*** Listed entries ***
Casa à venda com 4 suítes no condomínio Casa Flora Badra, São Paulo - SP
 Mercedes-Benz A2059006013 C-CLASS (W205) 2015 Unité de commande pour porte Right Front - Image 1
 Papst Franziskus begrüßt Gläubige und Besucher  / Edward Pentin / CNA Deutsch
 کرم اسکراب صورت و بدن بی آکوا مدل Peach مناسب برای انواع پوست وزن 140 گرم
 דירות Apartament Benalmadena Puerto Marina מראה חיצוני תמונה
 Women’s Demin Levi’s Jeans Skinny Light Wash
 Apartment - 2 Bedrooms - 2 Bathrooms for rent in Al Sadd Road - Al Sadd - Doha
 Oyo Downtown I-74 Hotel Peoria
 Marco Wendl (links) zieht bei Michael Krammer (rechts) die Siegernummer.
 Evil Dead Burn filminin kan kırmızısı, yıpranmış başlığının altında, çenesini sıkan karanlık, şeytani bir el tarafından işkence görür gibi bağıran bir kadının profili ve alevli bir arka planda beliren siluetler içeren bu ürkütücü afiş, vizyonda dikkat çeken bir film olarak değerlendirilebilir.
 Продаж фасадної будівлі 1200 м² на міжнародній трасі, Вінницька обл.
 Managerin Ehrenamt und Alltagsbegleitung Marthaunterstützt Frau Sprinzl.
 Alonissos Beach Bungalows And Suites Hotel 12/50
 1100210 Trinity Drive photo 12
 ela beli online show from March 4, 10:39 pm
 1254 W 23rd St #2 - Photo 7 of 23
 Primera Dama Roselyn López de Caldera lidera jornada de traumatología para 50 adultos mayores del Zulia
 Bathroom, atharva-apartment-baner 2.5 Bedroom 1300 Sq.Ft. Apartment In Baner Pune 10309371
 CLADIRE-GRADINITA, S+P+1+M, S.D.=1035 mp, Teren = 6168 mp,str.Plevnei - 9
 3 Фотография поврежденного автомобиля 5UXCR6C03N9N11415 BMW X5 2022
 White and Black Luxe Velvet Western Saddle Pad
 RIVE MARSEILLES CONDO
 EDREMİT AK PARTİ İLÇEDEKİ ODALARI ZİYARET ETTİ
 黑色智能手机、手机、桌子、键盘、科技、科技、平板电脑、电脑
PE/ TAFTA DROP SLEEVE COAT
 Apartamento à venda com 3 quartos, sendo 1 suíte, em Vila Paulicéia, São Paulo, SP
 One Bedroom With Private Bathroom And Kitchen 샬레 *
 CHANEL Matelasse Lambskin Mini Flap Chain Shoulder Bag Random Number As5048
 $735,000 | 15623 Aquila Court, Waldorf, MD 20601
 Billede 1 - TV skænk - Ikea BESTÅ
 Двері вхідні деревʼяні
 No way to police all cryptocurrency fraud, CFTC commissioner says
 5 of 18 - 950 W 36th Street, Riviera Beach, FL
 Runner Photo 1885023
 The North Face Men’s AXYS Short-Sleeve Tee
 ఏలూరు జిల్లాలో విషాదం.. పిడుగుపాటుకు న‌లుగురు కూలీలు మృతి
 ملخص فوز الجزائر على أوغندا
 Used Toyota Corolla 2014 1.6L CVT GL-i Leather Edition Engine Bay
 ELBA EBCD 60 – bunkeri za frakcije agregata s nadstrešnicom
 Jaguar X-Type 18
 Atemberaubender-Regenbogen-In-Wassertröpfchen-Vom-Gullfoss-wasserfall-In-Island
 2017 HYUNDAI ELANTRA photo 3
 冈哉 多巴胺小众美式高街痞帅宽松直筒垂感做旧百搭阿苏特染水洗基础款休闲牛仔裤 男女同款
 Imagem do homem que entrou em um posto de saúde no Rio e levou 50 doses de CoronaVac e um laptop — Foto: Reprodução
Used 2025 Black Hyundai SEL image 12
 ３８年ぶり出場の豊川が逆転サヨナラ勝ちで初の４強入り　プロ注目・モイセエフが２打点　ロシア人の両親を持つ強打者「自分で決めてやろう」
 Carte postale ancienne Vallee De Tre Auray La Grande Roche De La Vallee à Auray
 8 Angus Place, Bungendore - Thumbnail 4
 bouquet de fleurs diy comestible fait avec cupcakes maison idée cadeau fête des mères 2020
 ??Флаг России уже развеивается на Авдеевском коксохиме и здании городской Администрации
*** End of Listed entries ***
**What is required:**
Nothing should appear in the answer except the lines above from the line with "Waldorf, MD 20601" through the line with "bouquet de fleurs", both included, written out exactly.

**Solution to this problem:**
 $735,000 | 15623 Aquila Court, Waldorf, MD 20601
 Billede 1 - TV skænk - Ikea BESTÅ
 Двері вхідні деревʼяні
 No way to police all cryptocurrency fraud, CFTC commissioner says
 5 of 18 - 950 W 36th Street, Riviera Beach, FL
 Runner Photo 1885023
 The North Face Men’s AXYS Short-Sleeve Tee
 ఏలూరు జిల్లాలో విషాదం.. పిడుగుపాటుకు న‌లుగురు కూలీలు మృతి
 ملخص فوز الجزائر على أوغندا
 Used Toyota Corolla 2014 1.6L CVT GL-i Leather Edition Engine Bay
 ELBA EBCD 60 – bunkeri za frakcije agregata s nadstrešnicom
 Jaguar X-Type 18
 Atemberaubender-Regenbogen-In-Wassertröpfchen-Vom-Gullfoss-wasserfall-In-Island
 2017 HYUNDAI ELANTRA photo 3
 冈哉 多巴胺小众美式高街痞帅宽松直筒垂感做旧百搭阿苏特染水洗基础款休闲牛仔裤 男女同款
 Imagem do homem que entrou em um posto de saúde no Rio e levou 50 doses de CoronaVac e um laptop — Foto: Reprodução
Used 2025 Black Hyundai SEL image 12
 ３８年ぶり出場の豊川が逆転サヨナラ勝ちで初の４強入り　プロ注目・モイセエフが２打点　ロシア人の両親を持つ強打者「自分で決めてやろう」
 Carte postale ancienne Vallee De Tre Auray La Grande Roche De La Vallee à Auray
 8 Angus Place, Bungendore - Thumbnail 4
 bouquet de fleurs diy comestible fait avec cupcakes maison idée cadeau fête des mères 2020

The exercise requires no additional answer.